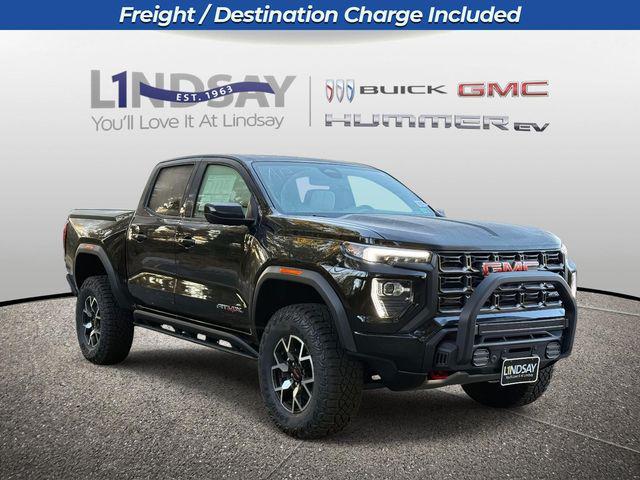 2026 GMC Canyon AT4X, 4WD for sale in Warrenton, VA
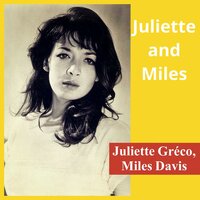 L'âme des poetes - Juliette Gréco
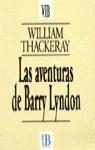 AVENTURAS DE BARRY LINDON,LAS | 9788440619969 | THACKERAY, WILLIAM MAKEPEACE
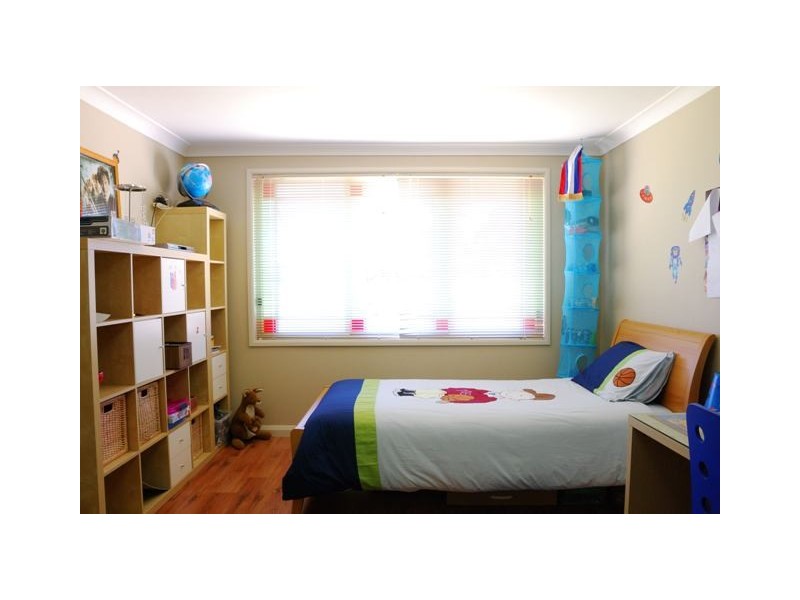 Hinchinbrook NSW 2168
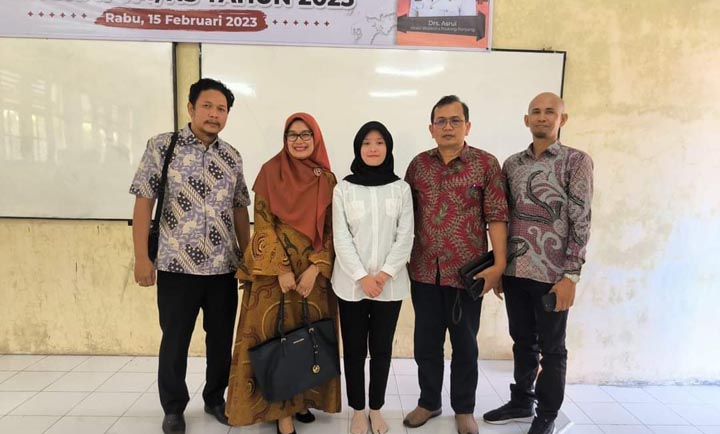 20 Peserta Tuntaskan Pelatihan Bahasa Jepang, Kerjasama DPMPTSP Dan LPK Yaruki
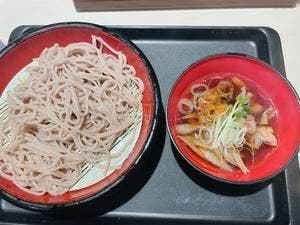 名代 富士そば 池袋店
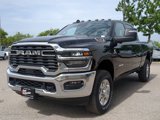 New 2025 RAM 2500 Big Horn image 4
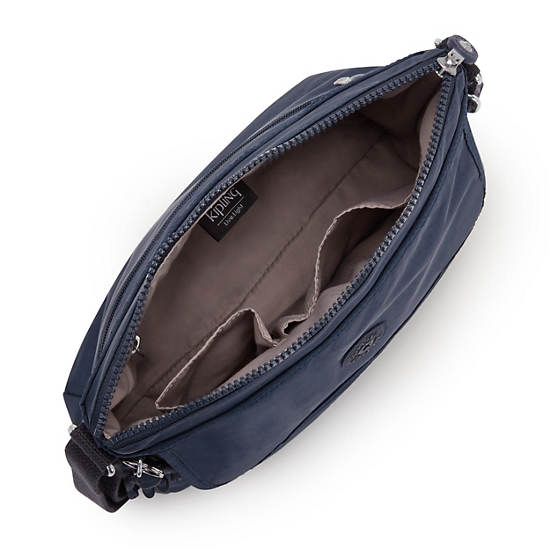 Kipling Aisling Crossbody Väska Blå | SE 2170SG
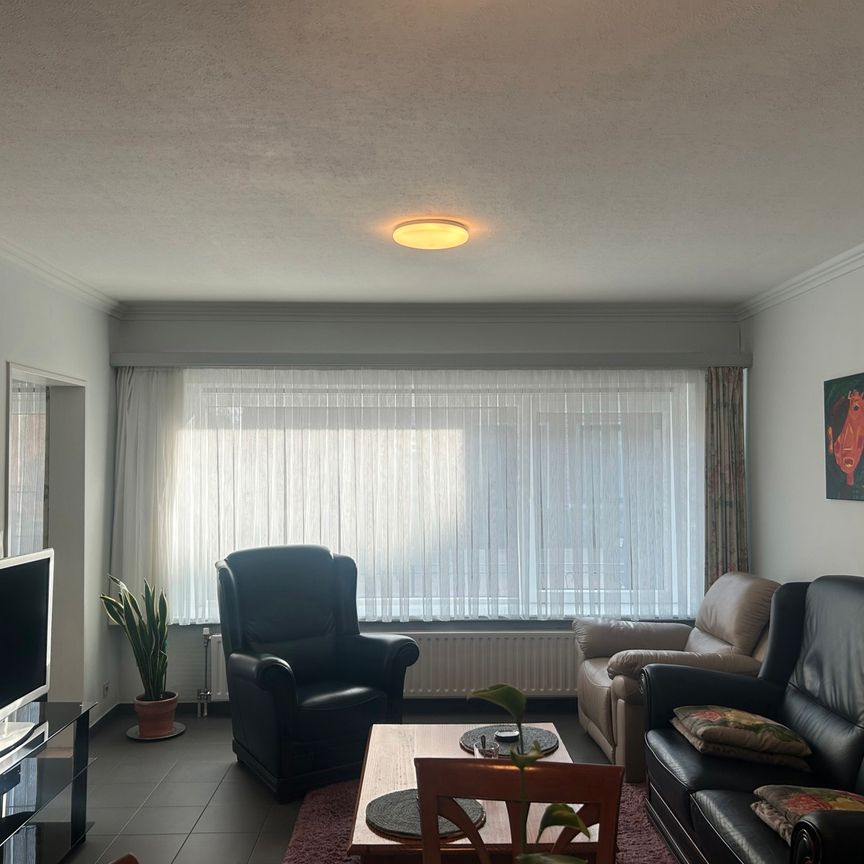 Appartement te huur in Hamont-Achel met 2 slaapkamers - foto 1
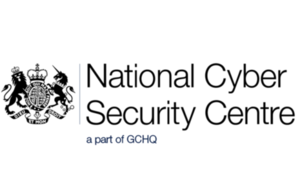 NCSC logo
————
Work to complete
Nothing but the lines from the line containing "New 2025 RAM 2500 Big Horn image 4" through the last line of the listing above should appear, output exactly, with no pictures.

Solved exercise
 New 2025 RAM 2500 Big Horn image 4
 Kipling Aisling Crossbody Väska Blå | SE 2170SG
 Appartement te huur in Hamont-Achel met 2 slaapkamers - foto 1
 NCSC logo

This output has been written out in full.